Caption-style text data
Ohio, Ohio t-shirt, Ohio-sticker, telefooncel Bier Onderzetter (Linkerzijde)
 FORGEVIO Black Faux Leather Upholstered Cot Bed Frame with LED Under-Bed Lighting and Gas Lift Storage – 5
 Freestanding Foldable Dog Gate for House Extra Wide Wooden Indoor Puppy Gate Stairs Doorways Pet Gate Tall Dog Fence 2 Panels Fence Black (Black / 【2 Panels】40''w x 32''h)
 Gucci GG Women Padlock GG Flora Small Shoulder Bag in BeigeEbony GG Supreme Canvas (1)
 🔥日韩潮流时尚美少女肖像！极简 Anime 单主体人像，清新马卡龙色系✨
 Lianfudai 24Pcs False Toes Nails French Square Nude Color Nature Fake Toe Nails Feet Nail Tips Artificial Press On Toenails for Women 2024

YOUR INSTRUCTIONS.
Look through the data above for the word "Women". Report each line where it occurs.

PROBLEM SOLUTION.
 Gucci GG Women Padlock GG Flora Small Shoulder Bag in BeigeEbony GG Supreme Canvas (1)
 Lianfudai 24Pcs False Toes Nails French Square Nude Color Nature Fake Toe Nails Feet Nail Tips Artificial Press On Toenails for Women 2024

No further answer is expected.